DATASET SECTION>

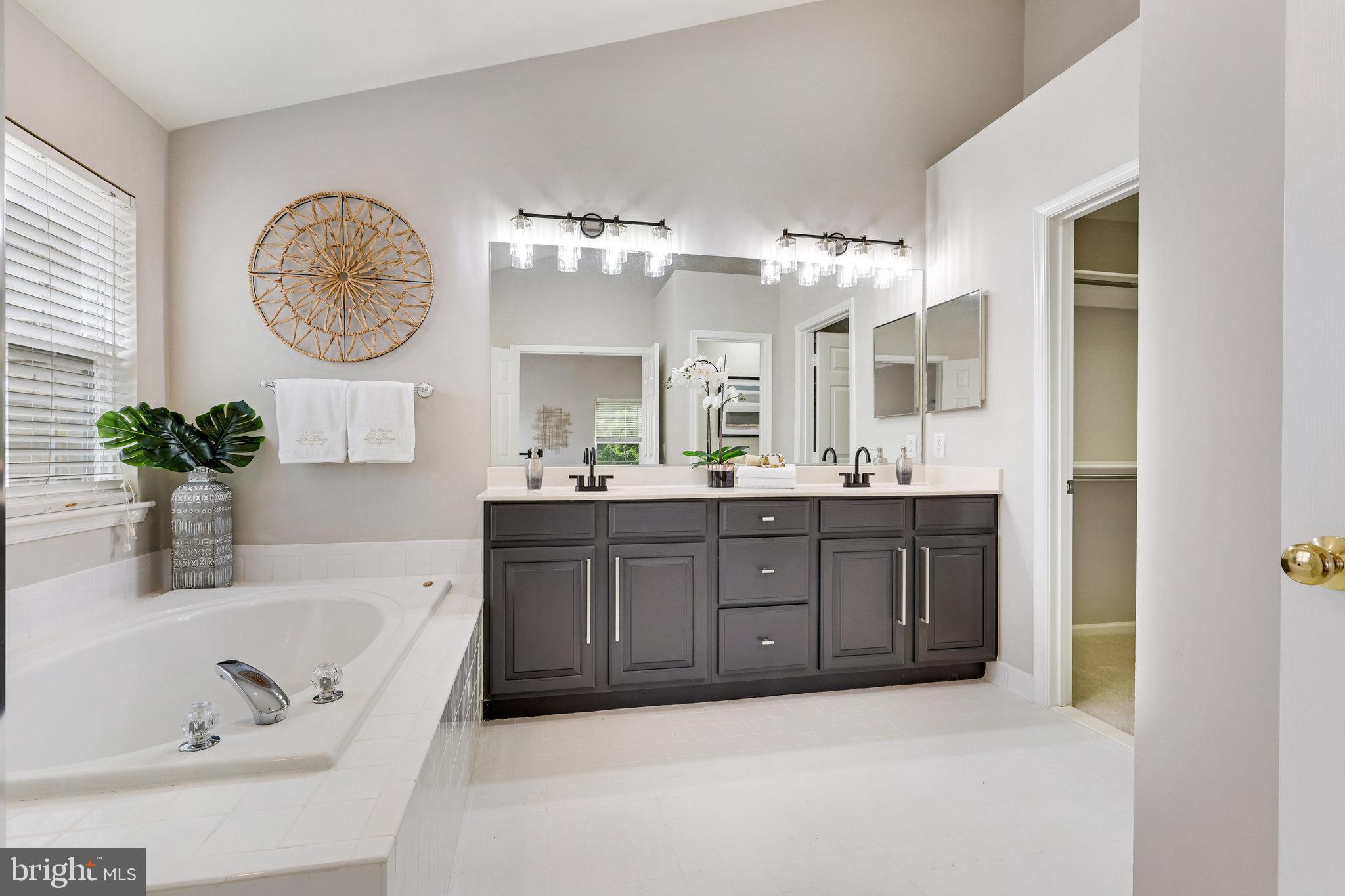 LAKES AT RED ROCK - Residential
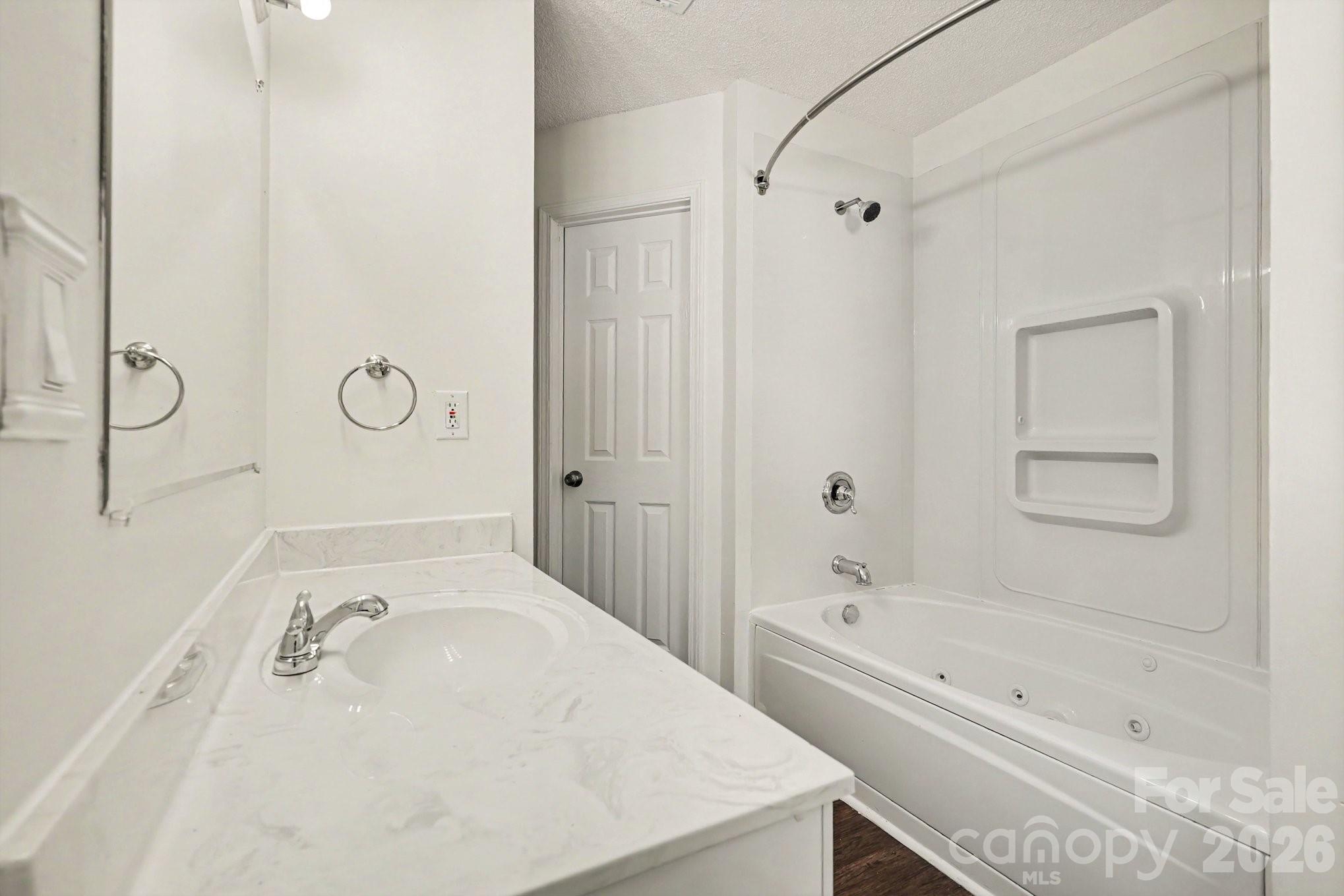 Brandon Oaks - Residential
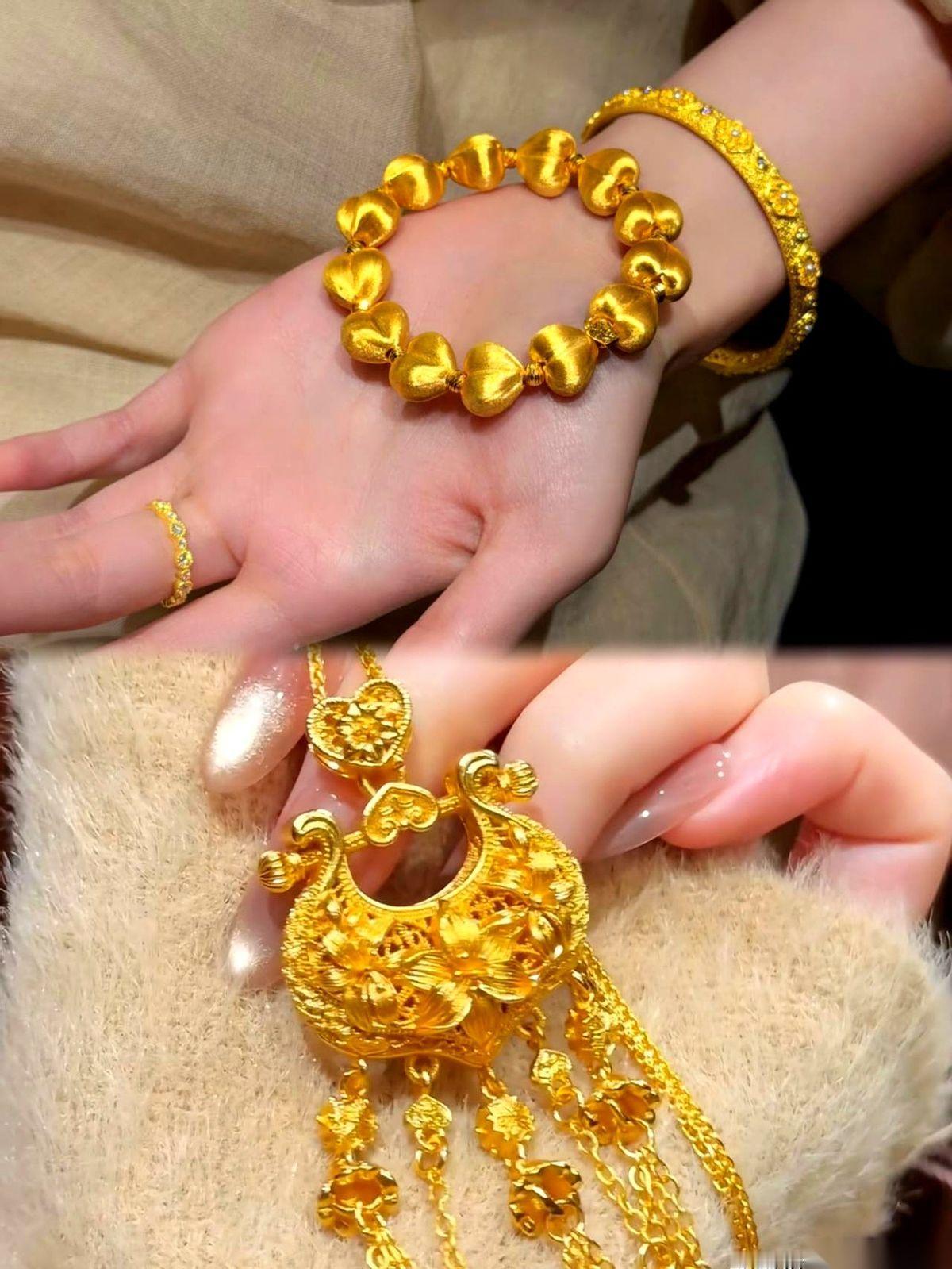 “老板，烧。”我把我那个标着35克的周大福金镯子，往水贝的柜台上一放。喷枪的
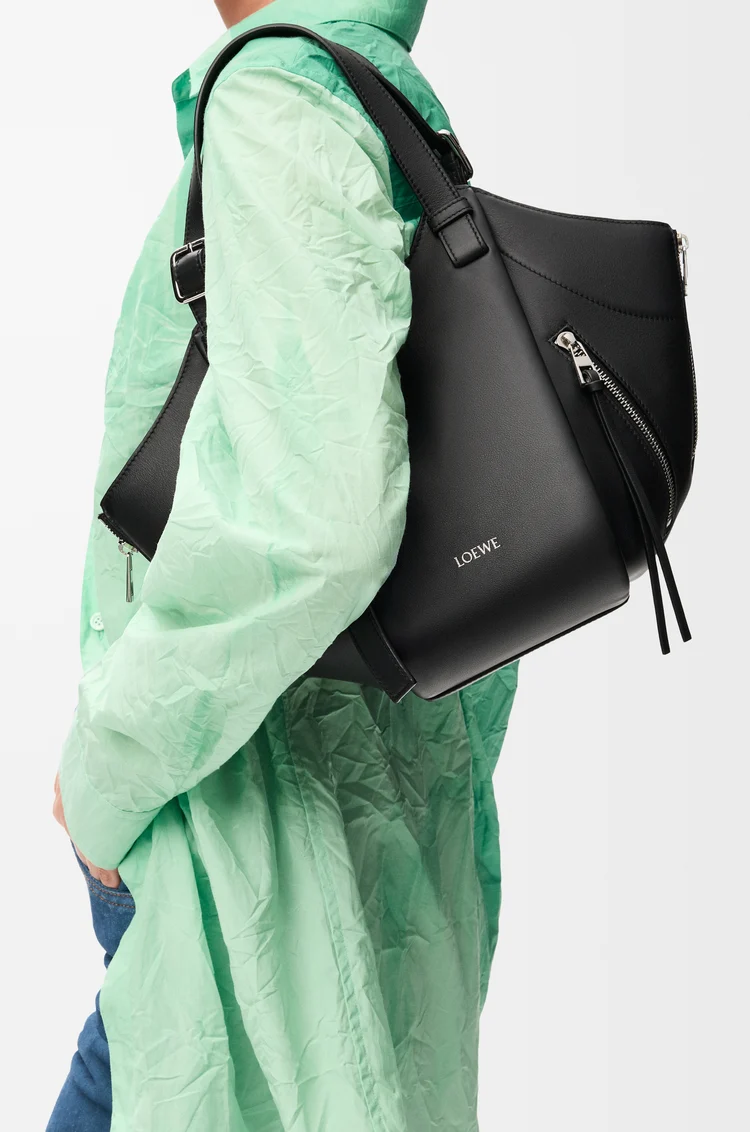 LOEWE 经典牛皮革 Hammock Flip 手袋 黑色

WHAT YOU HAVE TO DO> Output all data exactly, omitting images.

OUTPUT>
 LAKES AT RED ROCK - Residential
 Brandon Oaks - Residential
 “老板，烧。”我把我那个标着35克的周大福金镯子，往水贝的柜台上一放。喷枪的
 LOEWE 经典牛皮革 Hammock Flip 手袋 黑色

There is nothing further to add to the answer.